The Italian study evaluated 150 women with small, HER2-positive breast cancers and 229 women with small, HER2-negative breast cancers. None of the women had been treated with HER2-targeted therapy. Overall, women with HER2-positive breast cancers were more than twice as likely to develop a cancer recurrence.
The results of these two studies suggest that even small HER2-positive breast cancers have an increased risk of recurrence. Consideration of adjuvant treatment with HER2-targeted therapy may be important for most women with HER2-positive breast cancer regardless of the size of the cancer.

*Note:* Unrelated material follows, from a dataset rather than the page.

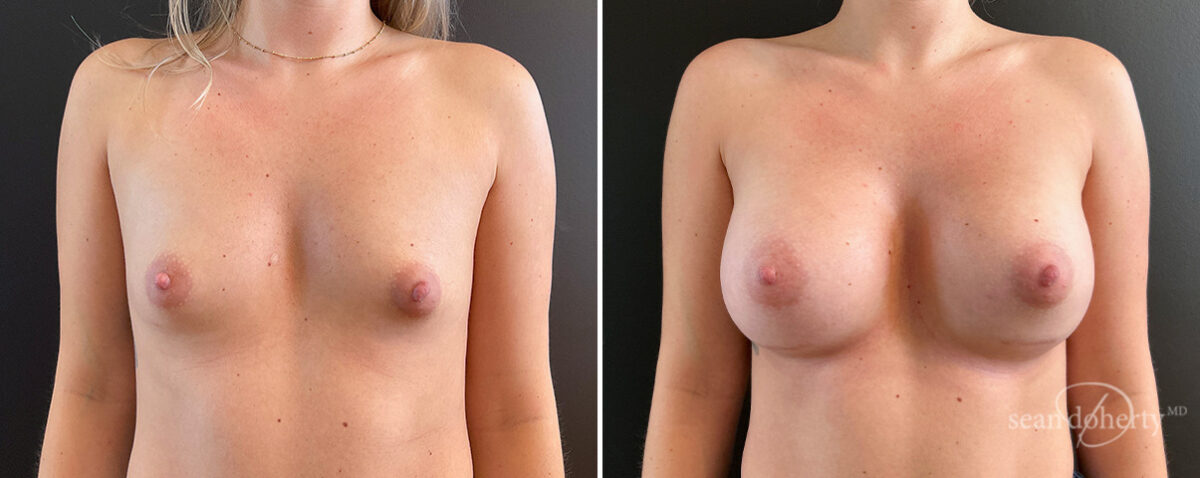 Breast Augmentation Before and After Photos in Boston, MA, Patient 16363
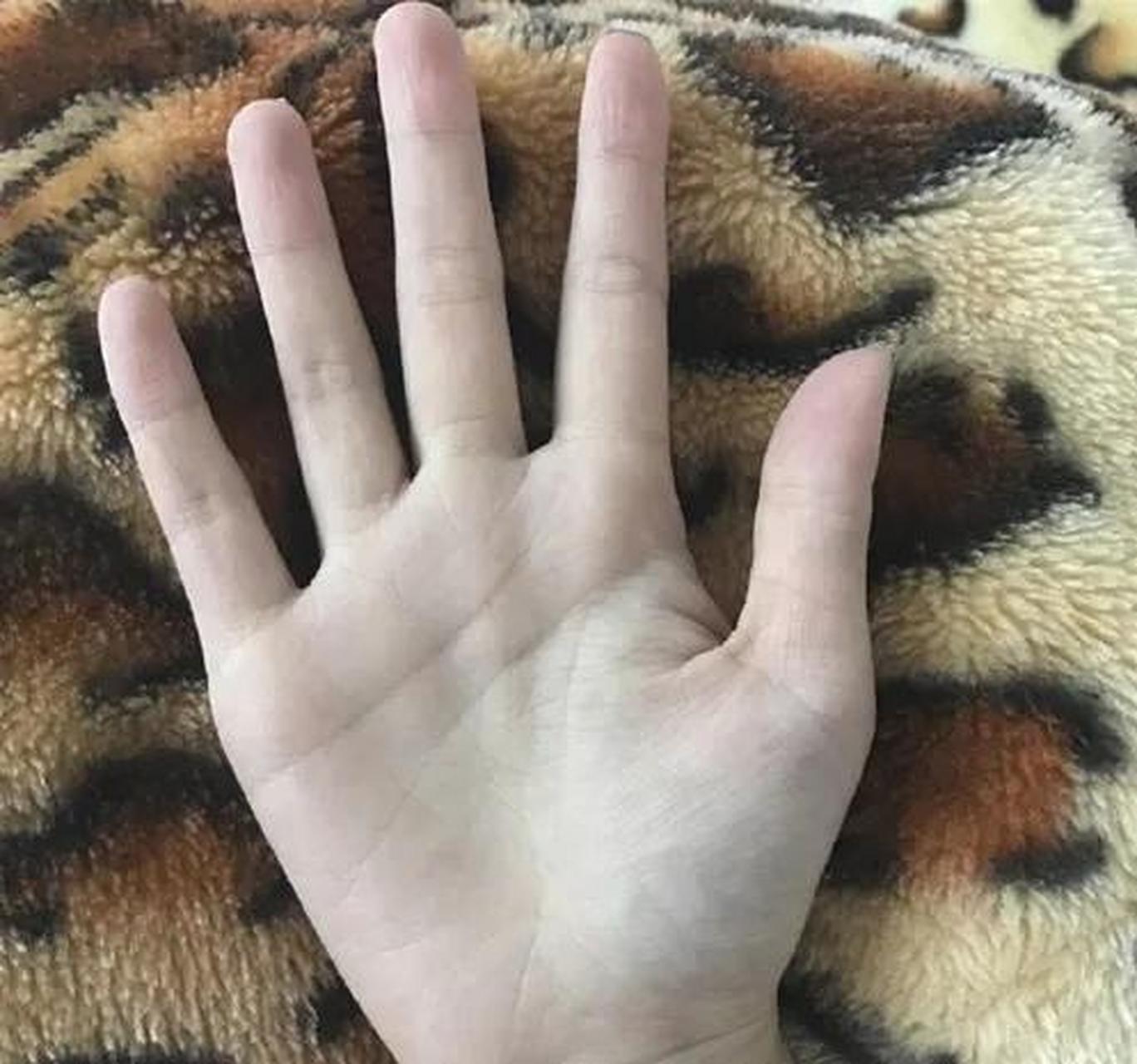 但有的人手掌无论是翻还是覆,都是无名指比食指长,要么无名指比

It should be noted, however, that these studies did not directly assess the effectiveness of HER2-targeted therapy in women with small cancers.
An accompanying editorial cautions that HER2-targeted therapy still may not be warranted in women with very small cancers (T1a or microinvasive; 0.5 cm or smaller). The authors of the editorial state: “We suggest that consideration of trastuzumab plus chemotherapy generally be limited to patients with T1b or larger cancers, and we believe that among patients with small T1a or microinvasive cancers, it is less likely that the tradeoffs of risk and benefit warrant chemotherapy plus trastuzumab.”
 Curigliano G, Viale G, Bagnardi V et al. Clinical relevance of HER2 overexpression/amplification in patients with small tumor size and node-negative breast cancer. Journal of Clinical Oncology [early online publication]. November 2, 2009.
 Burstein HJ, Winer EP. Refining therapy for human epidermal growth factor receptor 2-positive breast cancer: T stands for trastuzumab, tumor size, and treatment strategy. Journal of Clinical Oncology [early online publication]. November 2, 2009.